**** DATASET EXTRACT
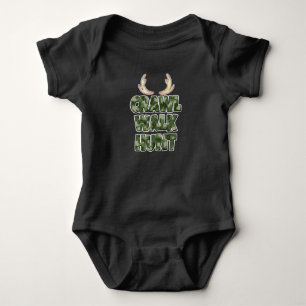 Crawl Walk Hunt roligt pojke-skjorta med kantler Tee Shirt
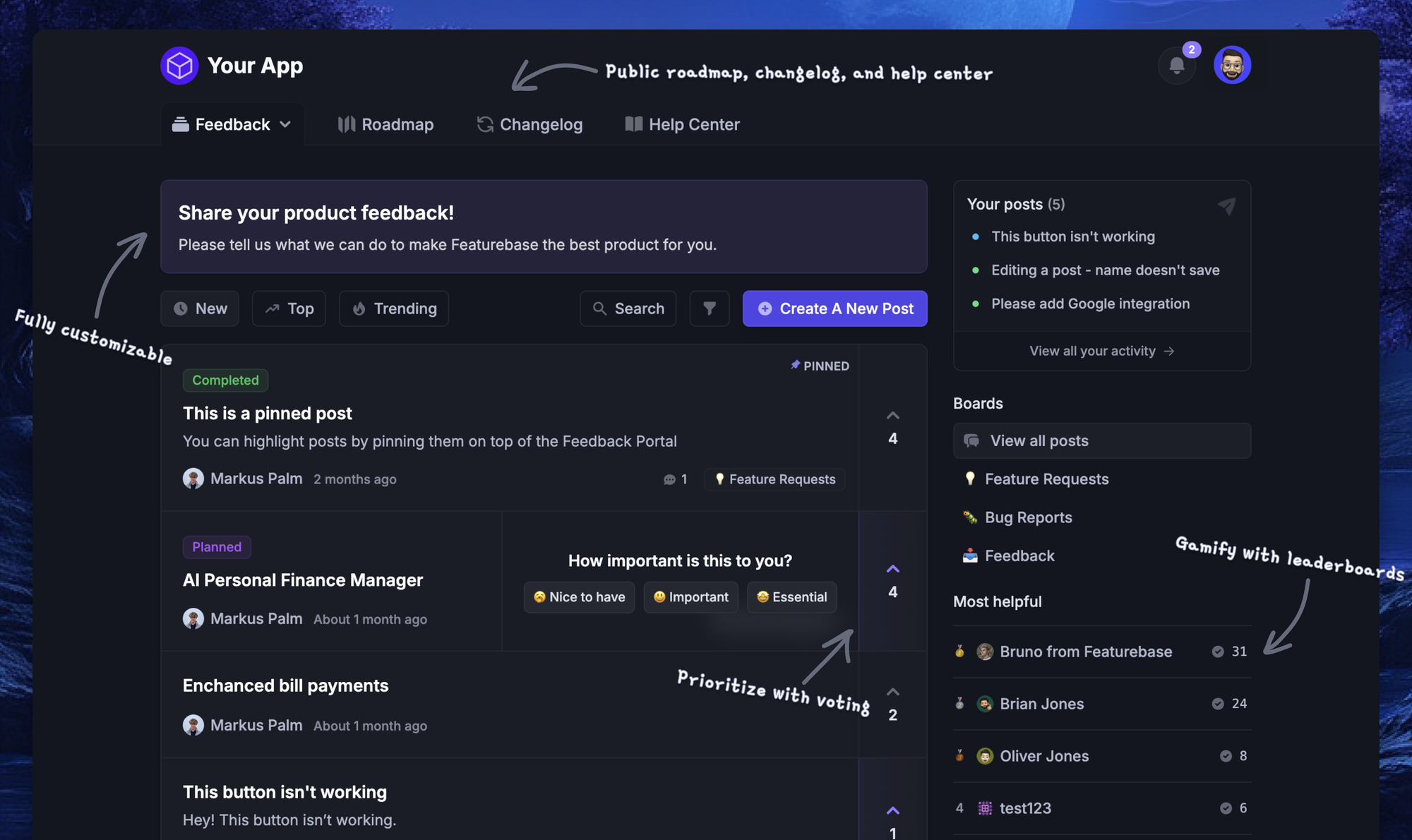 Featurebase's feedback forum.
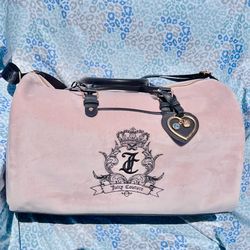 New Light Pink Juicy Couture Duffel Bag Purse XL Velour Weekender Travel Luggage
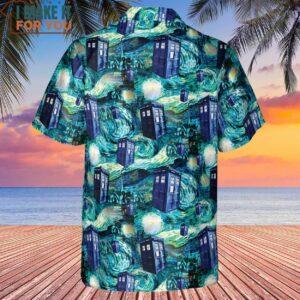 Tardis Starry Night Doctor Who Hawaiian Shirt Hawaiian Shirts From Movies 3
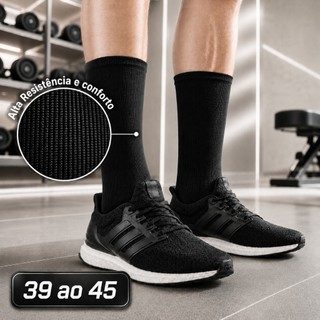 Kit 3/5/12 Meia Cano Alto Academia Crossfit Masculina Algodão Grossa Esportiva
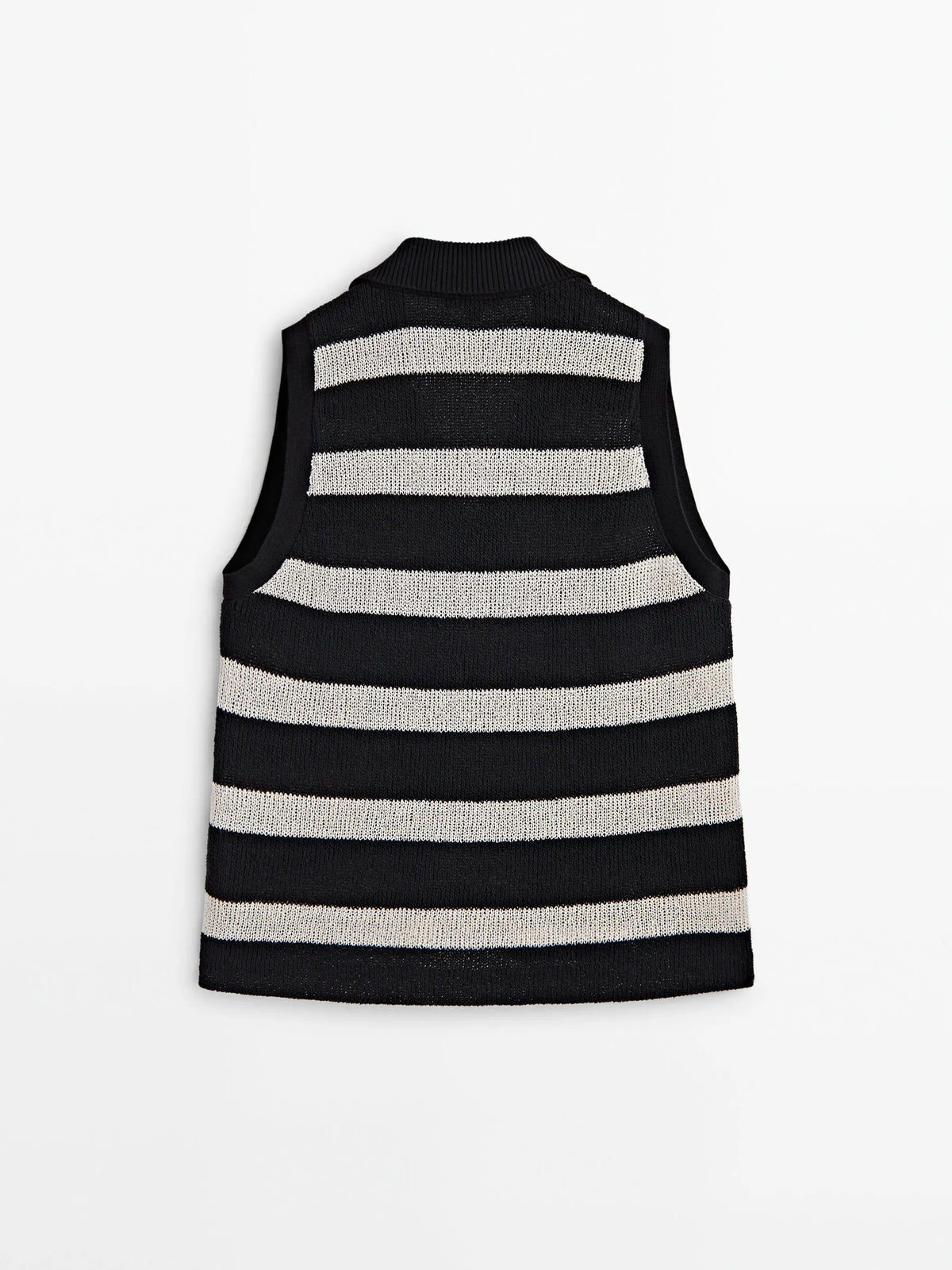 VILZSTUDIOS Striped Sleeveless Polo Top
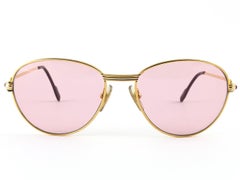 Vintage Cartier Ruby France Louis Vintage Heavy Gold Plated 55mm Sunglasses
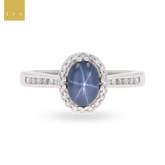 9ct White Gold Star Sapphire & Diamond Halo Ring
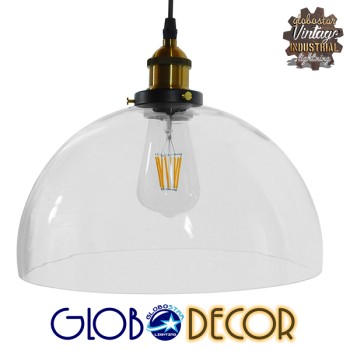 GLOBOSTAR® WICKHAM 01171 Vintage Κρεμαστό Φωτιστικό Οροφής με Ντουί 1 x E27 AC 220-240V IP20 - Πολύχρωμο - Μ30 x Π30 x Y25cm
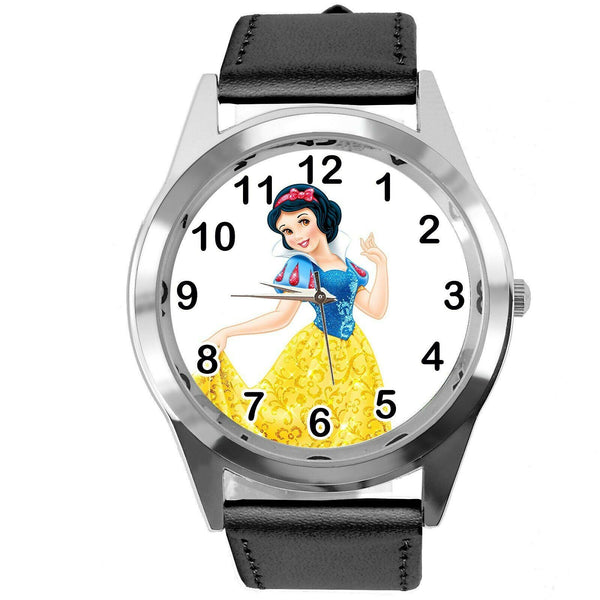 Princess Snow White Disney FILM MOVIE FAIRY TALE CD DVD TV BLACK LEATHER WATCH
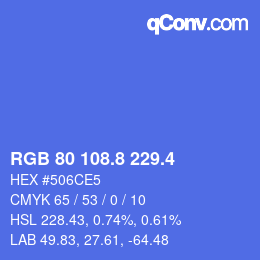カラーコード: RGB 80 108.8 229.4 | qconv.com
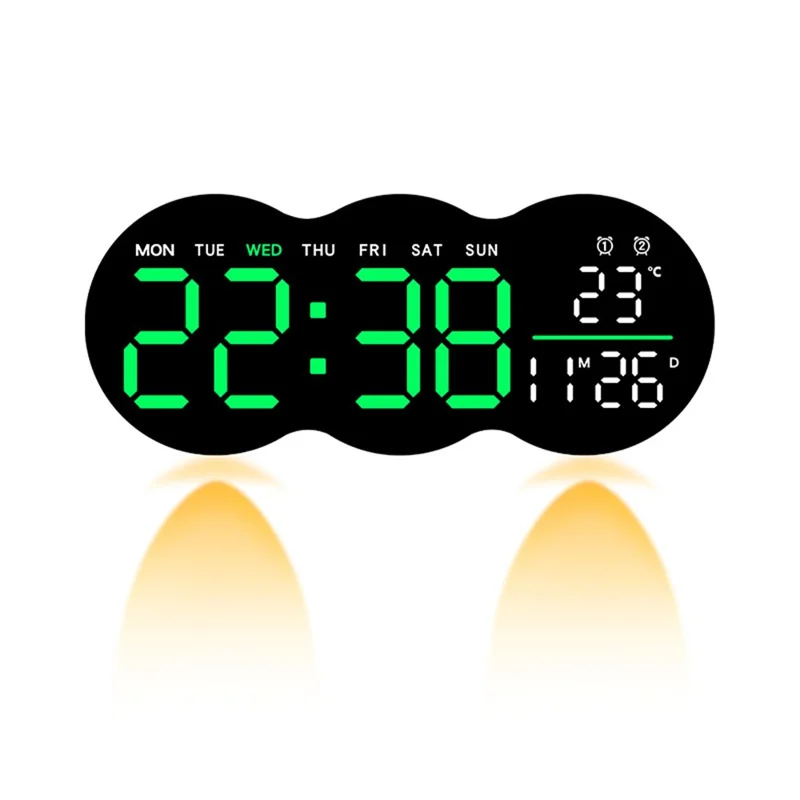 2808 Remote Control Dimmable LED Digital Wall Clock with Temperature and Humidity Display for Living Room - Green Light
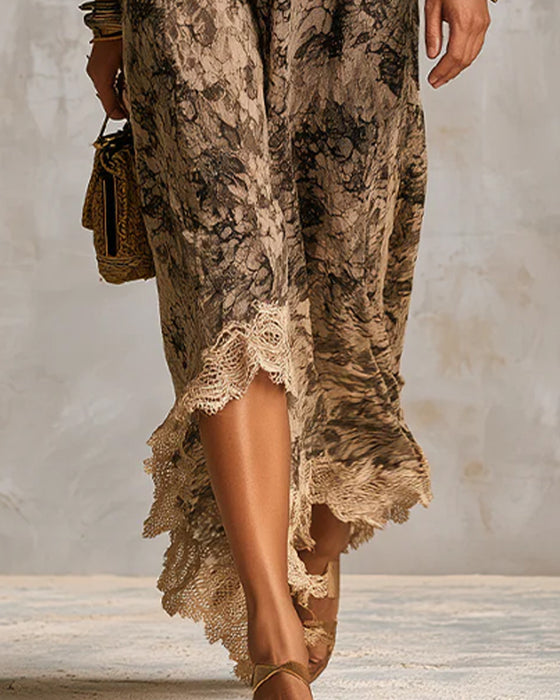 Kjole V-Hals Blonde Patchwork Asymmetrisk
********
→ PROBLEM STATEMENT
Only an exact copy is needed: the lines from the opening of the listing through the line with "VILZSTUDIOS Striped Sleeveless Polo Top", both included, minus the pictures.

→ OUTPUT FOR THIS TASK
 Crawl Walk Hunt roligt pojke-skjorta med kantler Tee Shirt
 Featurebase's feedback forum.
 New Light Pink Juicy Couture Duffel Bag Purse XL Velour Weekender Travel Luggage
 Tardis Starry Night Doctor Who Hawaiian Shirt Hawaiian Shirts From Movies 3
 Kit 3/5/12 Meia Cano Alto Academia Crossfit Masculina Algodão Grossa Esportiva
 VILZSTUDIOS Striped Sleeveless Polo Top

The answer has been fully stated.